Factoring polynomials is like breaking down numbers into primes, but instead, you deal with algebraic expressions. It involves expressing a polynomial as a product of simpler polynomials, known as factors. For example, from the exercise, the polynomial \(x^2 - 2x - 24\) is changed into its factors \((x - 6)(x + 4)\). Factoring allows you to simplify algebraic expressions and solve polynomial equations.

Here are some key points about factoring:

• Common Patterns: Look for patterns such as the difference of squares, perfect square trinomials, and sum or difference of cubes.
• Decomposition: Break down the middle term to find two numbers that multiply to the product of the leading coefficient and the constant term.
• Trial and Error: Sometimes, using different numbers and terms until the factors come together correctly can be useful.
• Factoring by Grouping: Involves collecting terms into groups and factoring each group.

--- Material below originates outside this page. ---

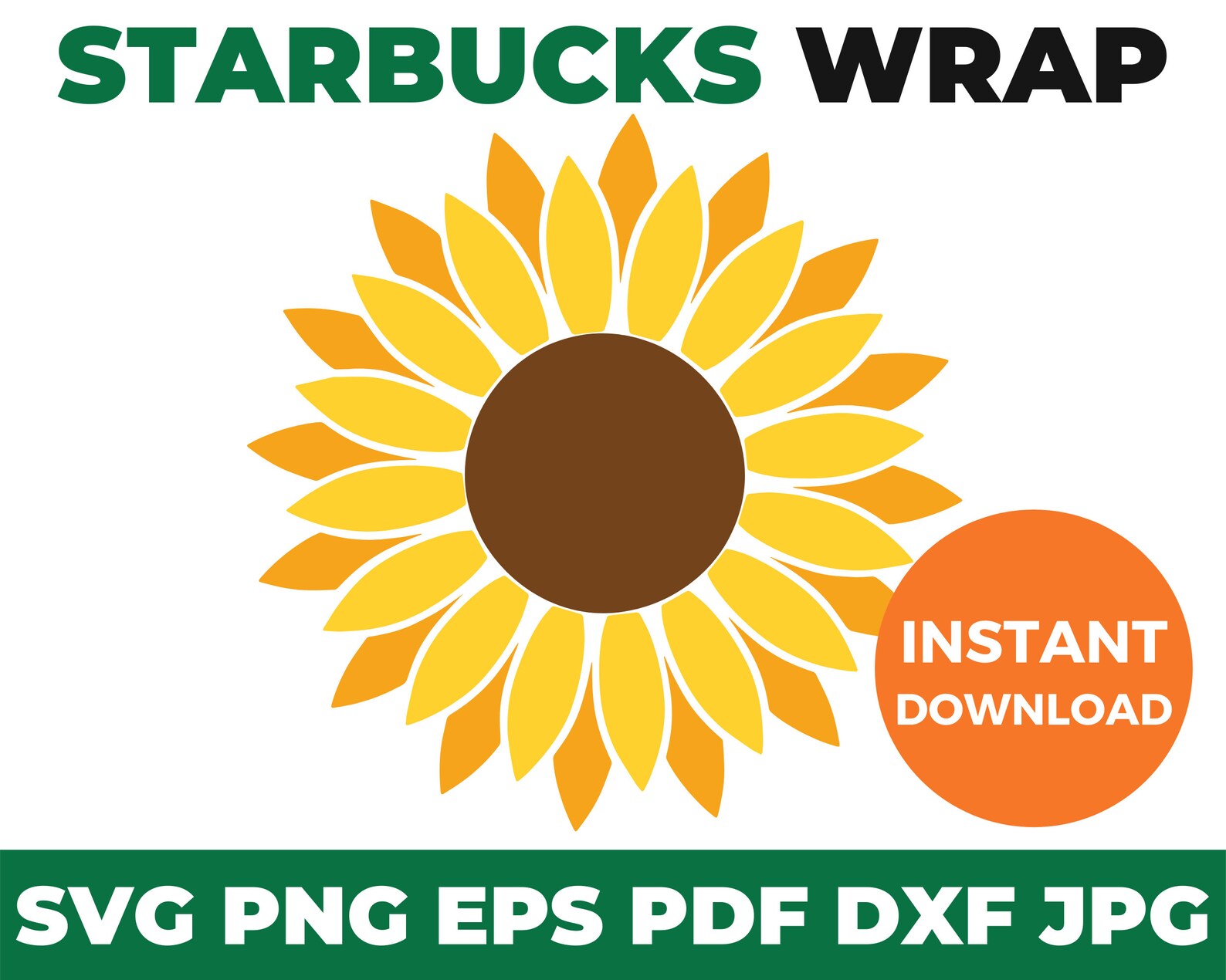 Free Free 129 Cricut Sunflower Starbucks Cup Svg SVG PNG EPS DXF File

By recognizing these patterns and techniques, you can effectively factor any polynomial, simplifying the subsequent steps in finding the LCM.

Identifying common factors in polynomials is a crucial step when finding the Least Common Multiple (LCM). Common factors refer to the elements or terms that appear in each set or expression. Finding these shared elements helps in simplifying problems, especially in tasks like finding the LCM.

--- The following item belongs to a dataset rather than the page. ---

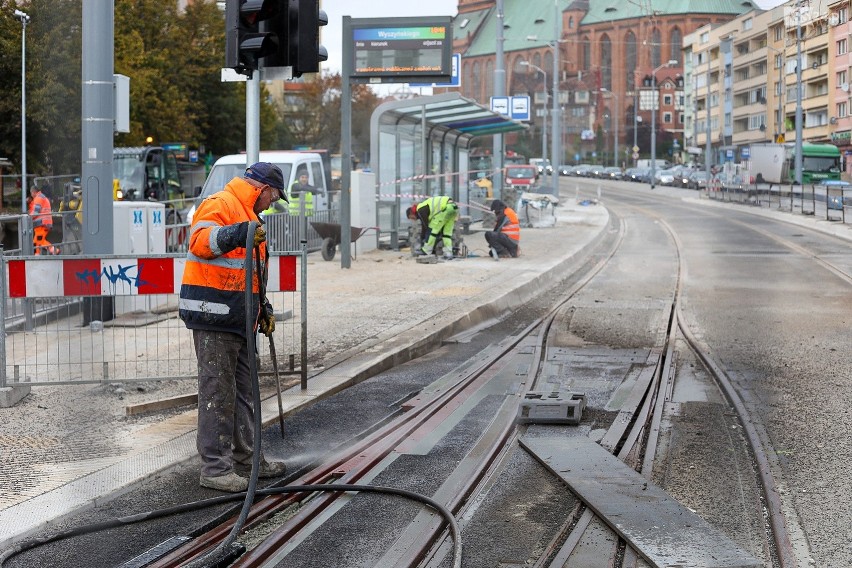 Ul. Wyszyńskiego w Szczecinie: wraca ruch tramwajowy na Prawobrzeże. Co się zmieni?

Here's how you can identify common factors:

• Factor Each Polynomial: Write down the polynomials as a product of their factors. For instance, from the given polynomials \((x - 6)(x + 4)\) and \((x + 6)(x - 6)\), you can clearly see the common factor \((x - 6)\).
• Check Repeated Elements: Look for factors that appear more than once across the expressions. These are your common factors.
• Use the Common Factor for Simplification: In many mathematical operations, especially finding the LCM, the presence of common factors helps reduce redundancy.

Ultimately, recognizing common factors allows for efficient problem solving and streamlines processes such as combining fractions or simplifying expressions.

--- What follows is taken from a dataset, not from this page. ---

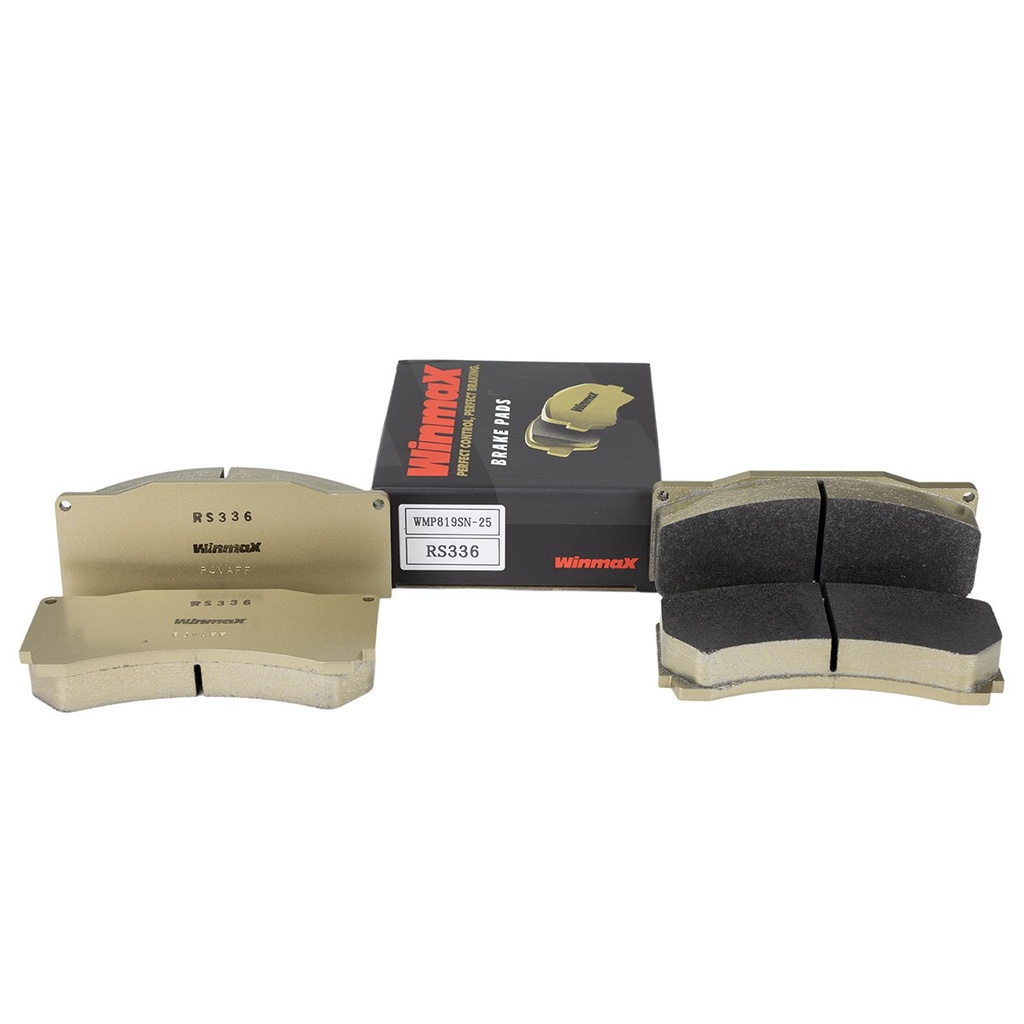 Winmax Brake Pads RS336 Compound 25mm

When calculating the LCM of two polynomials, it's essential to take the highest power of all the factors present in either polynomial. This ensures that the LCM indeed represents a common multiple that each original polynomial can divide without remainder.

Let's break down this concept:

• List All Factors: First, determine the factors for each polynomial. For example, the factors for the polynomials in our exercise are \((x-6), (x+4),\) and \((x+6)\).
• Identify the Highest Power: Among these, choose the highest power for each distinct factor. Usually, when polynomials don't have repeated powers, you write each factor once.
• Construct the LCM: Multiply these highest power factors together. The result for our polynomials is \((x-6)(x+4)(x+6)\), ensuring it encompasses all original polynomial factors at least once.

By considering the highest power of each factor, the LCM ensures coverage of all terms, making it a versatile expression for various algebraic operations.